Find all lines in the records that include the word "Hyundai", and copy them out.

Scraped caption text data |
====

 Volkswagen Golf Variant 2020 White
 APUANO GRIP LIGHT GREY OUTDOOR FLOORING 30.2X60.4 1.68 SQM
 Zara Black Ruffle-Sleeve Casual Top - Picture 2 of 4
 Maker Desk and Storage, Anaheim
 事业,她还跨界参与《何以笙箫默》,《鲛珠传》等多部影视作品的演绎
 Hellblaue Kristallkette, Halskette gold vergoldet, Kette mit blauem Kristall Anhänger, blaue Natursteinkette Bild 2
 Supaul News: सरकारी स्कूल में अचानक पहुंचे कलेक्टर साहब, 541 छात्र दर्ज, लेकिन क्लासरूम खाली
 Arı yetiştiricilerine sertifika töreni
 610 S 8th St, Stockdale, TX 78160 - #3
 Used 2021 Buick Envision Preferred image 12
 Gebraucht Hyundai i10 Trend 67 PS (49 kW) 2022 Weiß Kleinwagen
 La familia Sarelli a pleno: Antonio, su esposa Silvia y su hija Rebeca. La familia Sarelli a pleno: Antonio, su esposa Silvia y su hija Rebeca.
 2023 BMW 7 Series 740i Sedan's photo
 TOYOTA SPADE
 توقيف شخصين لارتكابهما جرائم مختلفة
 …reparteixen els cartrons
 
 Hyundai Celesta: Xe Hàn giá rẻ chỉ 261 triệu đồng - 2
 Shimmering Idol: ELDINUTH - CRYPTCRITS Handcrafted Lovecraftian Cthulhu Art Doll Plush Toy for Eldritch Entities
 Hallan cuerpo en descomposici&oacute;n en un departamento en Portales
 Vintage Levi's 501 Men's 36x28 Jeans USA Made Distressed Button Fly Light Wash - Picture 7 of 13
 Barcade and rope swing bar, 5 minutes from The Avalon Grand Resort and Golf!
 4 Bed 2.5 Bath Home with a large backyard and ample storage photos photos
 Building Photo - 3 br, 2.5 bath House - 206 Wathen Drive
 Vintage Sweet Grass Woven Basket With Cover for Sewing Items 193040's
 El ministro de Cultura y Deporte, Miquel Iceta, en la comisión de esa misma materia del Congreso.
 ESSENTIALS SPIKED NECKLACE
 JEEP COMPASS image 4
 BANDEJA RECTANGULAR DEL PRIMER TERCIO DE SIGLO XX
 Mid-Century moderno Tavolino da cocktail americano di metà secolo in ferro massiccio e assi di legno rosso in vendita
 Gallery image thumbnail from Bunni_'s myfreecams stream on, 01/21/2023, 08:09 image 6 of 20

====

Task result |
 Gebraucht Hyundai i10 Trend 67 PS (49 kW) 2022 Weiß Kleinwagen
 Hyundai Celesta: Xe Hàn giá rẻ chỉ 261 triệu đồng - 2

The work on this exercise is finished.